Le Garçon et la bête serait ainsi un échec, celui de l'évolution de Mamoru Hosoda dans sa filmographie. Summer Wars, succédant à la douce Traversée du temps, avait éclaté d'imagination par son intelligente imbrication d'un phénomène médiatique dans un récit plus classique d'action et de sauvetage du monde. Ame et Yuki, lui, s'était frotté à une pente certes plus ambitieuse, celle d'un fantastique ruisselant d'émotions, malheureusement parfois gagné par un sentimental agaçant. Si la finesse se perdait dans le film, Hosoda indiquait cependant certaines pistes inattendues, tel l'affrontement entre frère et sœur, et l'isolement affectif de l'un ou de l'autre. Des ouvertures bienvenues, et audacieux risques parmi le burlesque animé auquel il avait habitué dans ses deux premières réalisations. Le Garçon et la bête poursuit ces retranchements et tente de combiner, à la fois la folie vertigineuse de Summer Wars, à la fois l'ambition d'une trajectoire de vie similaire à celle des enfants-loups. Mais il échoue, d'une part parce que l'ambition graphique s'éparpille, demeure inégal. Ensuite, parce que l'évolution du personnage, si elle est palpable, n'aboutit pas à la finesse, encore moins à l'émotion, et que tous les éléments devant contribuer à sa construction, ne sont, au final, que des propositions baladées sans grande conviction. La dernière partie du film, du duel dans le stade jusqu'à l'affrontement dans Tokyo subit ainsi le dégonflement de précédentes touches émotionnelles bien plus subtiles par une résolution aisément manichéenne. De même, les promesses esthétiques demeurent difficiles à cerner. La bataille entre les deux candidats au rang de seigneur reste au final peu épique, en dépit de tout le suspense auparavant érigé et du monumental du lieu de l'affrontement.

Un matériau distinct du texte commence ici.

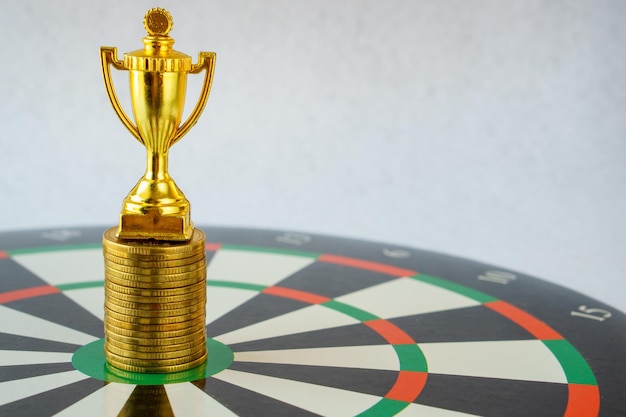 Gold trophy and stack of gold coin on dartboard hitting in the target center of dartboard Target business success and investment and finance concepts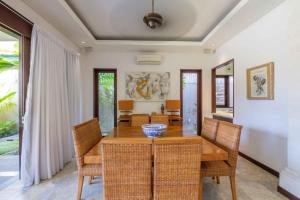 a dining room with a wooden table and chairs at Kejora Beachfront Estate Sanur -Stunning Villa Eleven in Sanur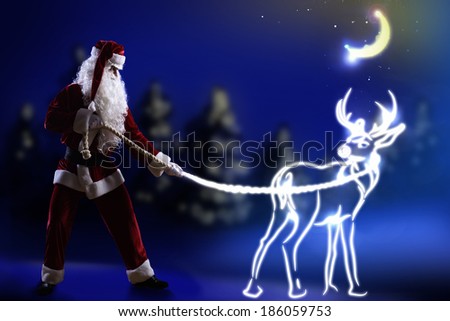 Santa claus looking at magic image of deer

Les oeuvres de Ghibli ont nécessairement imprégné Hosoda. Les traces de Mononoke-Hime et de Mon Voisin Totoro, voire de Souvenirs goutte-à-goutte, étaient plus que visibles dans Ame et Yuki, par exemple sur l'approche d'une nature fertile, rendue vivifiante par l'animation, et évidemment la dialectique enfance / animalité. Ici, les traces du Voyage de Chihiro balisent l'ouverture du film. Ce petit garçon abandonné au beau milieu d'un Tokyo bruyant, découvrant, par d'étranges ruelles, le monde des bêtes, est le pendant masculin de la jeune Chihiro propulsée dans le dédale des ombres et des créatures terrifiantes, séjours qui sont, pour les deux, une représentation concrète et métaphorique d'angoisses enfantines en même temps qu'un moyen d'échapper . Par ailleurs, l'épopée de Kyûta tient du Max et les Maximonstres, là où celle de Chihiro prenait le chemin d'Alice... Les bakemonos, les bêtes qui accompagnent le jeune garçon lui permettent de s'affirmer et de forger son identité pour pouvoir revenir par la suite au monde des hommes. Mais le rapprochement à Ghibli se situe également dans l'ambition d'Hosoda d'atteindre le fantastique mystique et le goût d'un émotionnel spectaculaire propres à Miyazaki. Ce désir, déjà trop prégnant à Ame et Yuki, gâche certaines parties du film, et Hosoda semble hésiter à perfectionner le style dans lequel il excelle, à savoir celui du burlesque et du fantaisiste éclatant.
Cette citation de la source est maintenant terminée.